§ **Try it**
Taking the line with "Faversham Road, SE6, photo 2" as the first and the line with "Почему пьют воду после кофе" as the last, set down exactly every line in that range from the entries below, and no more.

Items listed in a dataset
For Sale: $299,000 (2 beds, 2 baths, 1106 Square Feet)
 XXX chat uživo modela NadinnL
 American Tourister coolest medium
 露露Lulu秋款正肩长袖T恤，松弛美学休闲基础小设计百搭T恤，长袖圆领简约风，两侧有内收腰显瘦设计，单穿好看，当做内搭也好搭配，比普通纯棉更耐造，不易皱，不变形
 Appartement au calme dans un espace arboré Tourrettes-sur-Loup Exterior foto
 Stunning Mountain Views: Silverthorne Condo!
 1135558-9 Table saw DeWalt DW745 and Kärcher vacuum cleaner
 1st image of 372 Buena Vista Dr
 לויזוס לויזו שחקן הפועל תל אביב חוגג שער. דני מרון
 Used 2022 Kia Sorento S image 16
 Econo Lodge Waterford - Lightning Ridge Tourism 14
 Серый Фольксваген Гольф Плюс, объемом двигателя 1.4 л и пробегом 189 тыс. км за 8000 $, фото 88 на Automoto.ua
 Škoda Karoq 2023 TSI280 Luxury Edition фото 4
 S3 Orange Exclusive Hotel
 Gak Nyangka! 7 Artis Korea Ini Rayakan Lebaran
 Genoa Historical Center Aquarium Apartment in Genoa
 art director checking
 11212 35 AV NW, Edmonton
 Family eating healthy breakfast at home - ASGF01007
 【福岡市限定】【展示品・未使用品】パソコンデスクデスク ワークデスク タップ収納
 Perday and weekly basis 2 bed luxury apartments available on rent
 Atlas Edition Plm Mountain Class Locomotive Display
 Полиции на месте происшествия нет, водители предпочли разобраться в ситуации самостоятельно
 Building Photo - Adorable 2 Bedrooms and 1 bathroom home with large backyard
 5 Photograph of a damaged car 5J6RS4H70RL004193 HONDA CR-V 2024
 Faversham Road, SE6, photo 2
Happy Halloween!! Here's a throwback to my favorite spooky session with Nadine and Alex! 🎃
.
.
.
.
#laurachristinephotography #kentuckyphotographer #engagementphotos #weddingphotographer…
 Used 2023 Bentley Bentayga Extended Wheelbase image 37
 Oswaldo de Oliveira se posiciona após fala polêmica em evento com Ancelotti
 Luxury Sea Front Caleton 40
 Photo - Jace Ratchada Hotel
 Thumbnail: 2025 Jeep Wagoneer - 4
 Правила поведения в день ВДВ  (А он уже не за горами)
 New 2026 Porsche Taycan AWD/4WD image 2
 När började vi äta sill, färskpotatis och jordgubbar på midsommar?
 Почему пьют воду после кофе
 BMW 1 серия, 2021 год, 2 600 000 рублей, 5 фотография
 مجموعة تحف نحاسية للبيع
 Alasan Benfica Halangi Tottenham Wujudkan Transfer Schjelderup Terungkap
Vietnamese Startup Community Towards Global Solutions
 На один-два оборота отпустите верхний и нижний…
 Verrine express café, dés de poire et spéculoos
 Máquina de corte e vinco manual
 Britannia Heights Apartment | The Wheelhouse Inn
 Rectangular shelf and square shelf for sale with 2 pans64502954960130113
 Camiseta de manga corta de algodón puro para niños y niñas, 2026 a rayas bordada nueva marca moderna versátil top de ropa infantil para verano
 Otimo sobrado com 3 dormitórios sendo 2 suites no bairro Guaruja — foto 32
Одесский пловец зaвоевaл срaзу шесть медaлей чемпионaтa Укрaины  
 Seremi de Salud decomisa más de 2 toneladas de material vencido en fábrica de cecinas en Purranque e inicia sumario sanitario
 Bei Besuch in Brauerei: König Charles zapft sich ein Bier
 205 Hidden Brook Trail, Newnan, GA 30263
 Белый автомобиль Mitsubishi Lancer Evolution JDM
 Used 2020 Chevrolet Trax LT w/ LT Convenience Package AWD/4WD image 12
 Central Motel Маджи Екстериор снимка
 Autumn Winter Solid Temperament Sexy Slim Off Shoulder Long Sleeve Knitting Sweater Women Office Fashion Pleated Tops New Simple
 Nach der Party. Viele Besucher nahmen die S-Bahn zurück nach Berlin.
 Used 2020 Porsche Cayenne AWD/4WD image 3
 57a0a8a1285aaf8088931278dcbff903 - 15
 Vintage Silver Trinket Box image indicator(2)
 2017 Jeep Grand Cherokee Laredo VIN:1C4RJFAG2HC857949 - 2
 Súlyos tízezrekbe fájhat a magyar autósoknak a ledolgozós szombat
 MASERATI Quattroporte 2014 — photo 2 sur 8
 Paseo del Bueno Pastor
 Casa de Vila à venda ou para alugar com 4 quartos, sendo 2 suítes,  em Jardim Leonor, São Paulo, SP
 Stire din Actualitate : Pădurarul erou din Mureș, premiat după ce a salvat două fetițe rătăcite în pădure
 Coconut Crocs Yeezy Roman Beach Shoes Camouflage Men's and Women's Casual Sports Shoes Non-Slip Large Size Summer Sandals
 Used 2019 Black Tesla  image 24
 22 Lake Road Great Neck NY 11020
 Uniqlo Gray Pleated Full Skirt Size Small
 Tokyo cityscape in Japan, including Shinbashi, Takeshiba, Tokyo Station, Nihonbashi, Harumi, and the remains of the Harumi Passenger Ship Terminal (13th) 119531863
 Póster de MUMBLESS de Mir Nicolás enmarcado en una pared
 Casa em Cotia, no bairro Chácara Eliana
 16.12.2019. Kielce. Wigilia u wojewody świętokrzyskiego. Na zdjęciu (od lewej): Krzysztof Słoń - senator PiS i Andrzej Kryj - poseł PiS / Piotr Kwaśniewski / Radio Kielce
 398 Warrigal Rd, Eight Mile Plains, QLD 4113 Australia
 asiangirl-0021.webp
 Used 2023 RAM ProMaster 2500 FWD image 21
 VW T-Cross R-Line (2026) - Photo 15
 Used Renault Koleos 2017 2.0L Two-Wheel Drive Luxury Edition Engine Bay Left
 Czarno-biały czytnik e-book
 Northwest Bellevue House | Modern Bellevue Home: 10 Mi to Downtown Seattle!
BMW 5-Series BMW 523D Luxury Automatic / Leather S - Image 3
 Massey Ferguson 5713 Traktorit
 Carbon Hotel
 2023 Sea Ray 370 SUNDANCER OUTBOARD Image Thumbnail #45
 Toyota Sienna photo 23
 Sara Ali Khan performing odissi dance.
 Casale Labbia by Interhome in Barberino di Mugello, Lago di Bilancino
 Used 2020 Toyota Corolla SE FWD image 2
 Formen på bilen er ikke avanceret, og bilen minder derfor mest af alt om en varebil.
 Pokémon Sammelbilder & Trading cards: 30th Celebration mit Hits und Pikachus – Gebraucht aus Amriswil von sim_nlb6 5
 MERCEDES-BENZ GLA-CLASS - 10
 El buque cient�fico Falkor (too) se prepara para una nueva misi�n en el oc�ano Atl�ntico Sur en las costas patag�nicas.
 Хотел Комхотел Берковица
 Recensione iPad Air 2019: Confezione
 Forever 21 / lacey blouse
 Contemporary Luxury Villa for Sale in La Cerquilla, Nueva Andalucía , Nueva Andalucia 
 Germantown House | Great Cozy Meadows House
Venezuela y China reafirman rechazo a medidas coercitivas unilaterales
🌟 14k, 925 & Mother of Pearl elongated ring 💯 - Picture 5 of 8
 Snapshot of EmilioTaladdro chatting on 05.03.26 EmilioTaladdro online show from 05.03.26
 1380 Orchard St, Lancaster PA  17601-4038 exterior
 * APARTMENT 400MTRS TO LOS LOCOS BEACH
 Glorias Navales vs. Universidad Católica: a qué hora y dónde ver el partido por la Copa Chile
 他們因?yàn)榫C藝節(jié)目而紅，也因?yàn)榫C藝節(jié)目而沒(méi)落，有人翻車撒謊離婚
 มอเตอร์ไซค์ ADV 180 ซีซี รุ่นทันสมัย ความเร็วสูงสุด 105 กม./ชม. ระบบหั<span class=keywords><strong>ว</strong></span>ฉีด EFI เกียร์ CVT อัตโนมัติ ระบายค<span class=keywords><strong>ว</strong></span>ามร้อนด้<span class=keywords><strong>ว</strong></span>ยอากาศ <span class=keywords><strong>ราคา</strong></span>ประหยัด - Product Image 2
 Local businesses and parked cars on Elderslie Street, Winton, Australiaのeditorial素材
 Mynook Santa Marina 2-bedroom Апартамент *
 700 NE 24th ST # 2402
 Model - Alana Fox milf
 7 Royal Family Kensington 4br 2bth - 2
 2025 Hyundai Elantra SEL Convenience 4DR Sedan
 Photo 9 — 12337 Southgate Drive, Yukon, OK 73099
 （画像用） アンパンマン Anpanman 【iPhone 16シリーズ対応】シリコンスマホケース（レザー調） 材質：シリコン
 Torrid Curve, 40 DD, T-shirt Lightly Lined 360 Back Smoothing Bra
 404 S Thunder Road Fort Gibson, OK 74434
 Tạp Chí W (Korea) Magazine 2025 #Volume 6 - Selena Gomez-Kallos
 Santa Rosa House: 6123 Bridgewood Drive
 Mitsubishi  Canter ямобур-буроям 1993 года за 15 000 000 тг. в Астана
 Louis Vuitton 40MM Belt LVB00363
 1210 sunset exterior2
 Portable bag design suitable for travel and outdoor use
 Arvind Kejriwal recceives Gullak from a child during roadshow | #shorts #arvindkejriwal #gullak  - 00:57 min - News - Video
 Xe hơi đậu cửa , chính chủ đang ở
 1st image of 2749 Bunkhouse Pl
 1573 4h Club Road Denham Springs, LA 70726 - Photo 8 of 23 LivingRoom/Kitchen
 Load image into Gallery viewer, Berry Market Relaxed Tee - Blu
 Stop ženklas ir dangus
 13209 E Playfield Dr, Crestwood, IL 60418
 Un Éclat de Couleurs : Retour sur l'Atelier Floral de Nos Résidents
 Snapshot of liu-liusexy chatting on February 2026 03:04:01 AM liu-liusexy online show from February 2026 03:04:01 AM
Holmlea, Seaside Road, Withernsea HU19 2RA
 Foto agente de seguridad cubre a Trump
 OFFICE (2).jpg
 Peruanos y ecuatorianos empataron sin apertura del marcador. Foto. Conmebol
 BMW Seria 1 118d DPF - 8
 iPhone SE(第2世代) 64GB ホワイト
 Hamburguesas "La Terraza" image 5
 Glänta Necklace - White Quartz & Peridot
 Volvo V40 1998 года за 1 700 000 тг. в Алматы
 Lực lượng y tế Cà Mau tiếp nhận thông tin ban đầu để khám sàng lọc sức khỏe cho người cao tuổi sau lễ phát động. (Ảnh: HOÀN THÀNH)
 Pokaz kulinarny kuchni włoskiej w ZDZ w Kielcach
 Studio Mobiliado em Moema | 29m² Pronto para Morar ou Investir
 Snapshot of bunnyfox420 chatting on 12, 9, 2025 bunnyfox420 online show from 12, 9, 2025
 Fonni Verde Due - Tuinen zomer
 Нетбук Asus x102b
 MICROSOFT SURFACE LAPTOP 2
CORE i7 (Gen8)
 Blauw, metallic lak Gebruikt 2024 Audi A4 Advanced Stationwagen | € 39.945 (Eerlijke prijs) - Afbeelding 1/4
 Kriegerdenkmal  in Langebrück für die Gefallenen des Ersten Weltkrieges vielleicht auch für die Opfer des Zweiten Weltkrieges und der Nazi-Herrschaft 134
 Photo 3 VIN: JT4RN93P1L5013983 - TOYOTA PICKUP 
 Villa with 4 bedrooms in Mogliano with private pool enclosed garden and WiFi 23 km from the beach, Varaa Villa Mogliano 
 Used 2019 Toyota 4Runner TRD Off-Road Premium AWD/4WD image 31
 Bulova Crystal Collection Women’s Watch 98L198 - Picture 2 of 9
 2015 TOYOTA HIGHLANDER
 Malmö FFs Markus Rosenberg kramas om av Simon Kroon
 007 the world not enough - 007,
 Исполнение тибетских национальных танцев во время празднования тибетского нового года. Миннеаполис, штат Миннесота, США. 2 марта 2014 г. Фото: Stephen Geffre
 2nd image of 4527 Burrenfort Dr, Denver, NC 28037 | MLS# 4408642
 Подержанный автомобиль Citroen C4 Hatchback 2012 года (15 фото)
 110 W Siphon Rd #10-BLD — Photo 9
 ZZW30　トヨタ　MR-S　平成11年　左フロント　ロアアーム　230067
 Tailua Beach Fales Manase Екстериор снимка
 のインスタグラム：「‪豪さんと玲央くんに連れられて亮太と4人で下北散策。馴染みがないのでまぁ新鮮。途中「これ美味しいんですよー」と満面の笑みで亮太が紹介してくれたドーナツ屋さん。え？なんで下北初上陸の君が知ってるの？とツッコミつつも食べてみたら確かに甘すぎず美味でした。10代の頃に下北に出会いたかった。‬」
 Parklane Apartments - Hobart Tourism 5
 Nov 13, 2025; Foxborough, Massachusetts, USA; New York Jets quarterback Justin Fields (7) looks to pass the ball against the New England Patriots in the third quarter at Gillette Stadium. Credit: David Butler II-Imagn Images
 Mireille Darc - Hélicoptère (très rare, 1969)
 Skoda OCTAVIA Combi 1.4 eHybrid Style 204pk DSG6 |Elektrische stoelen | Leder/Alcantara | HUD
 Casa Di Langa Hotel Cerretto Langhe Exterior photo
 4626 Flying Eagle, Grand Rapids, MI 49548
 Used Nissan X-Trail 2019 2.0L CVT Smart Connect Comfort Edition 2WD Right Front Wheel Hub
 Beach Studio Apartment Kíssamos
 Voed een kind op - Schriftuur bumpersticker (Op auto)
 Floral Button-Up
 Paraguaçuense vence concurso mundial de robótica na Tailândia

§ **Output below**
 Faversham Road, SE6, photo 2
Happy Halloween!! Here's a throwback to my favorite spooky session with Nadine and Alex! 🎃
.
.
.
.
#laurachristinephotography #kentuckyphotographer #engagementphotos #weddingphotographer…
 Used 2023 Bentley Bentayga Extended Wheelbase image 37
 Oswaldo de Oliveira se posiciona após fala polêmica em evento com Ancelotti
 Luxury Sea Front Caleton 40
 Photo - Jace Ratchada Hotel
 Thumbnail: 2025 Jeep Wagoneer - 4
 Правила поведения в день ВДВ  (А он уже не за горами)
 New 2026 Porsche Taycan AWD/4WD image 2
 När började vi äta sill, färskpotatis och jordgubbar på midsommar?
 Почему пьют воду после кофе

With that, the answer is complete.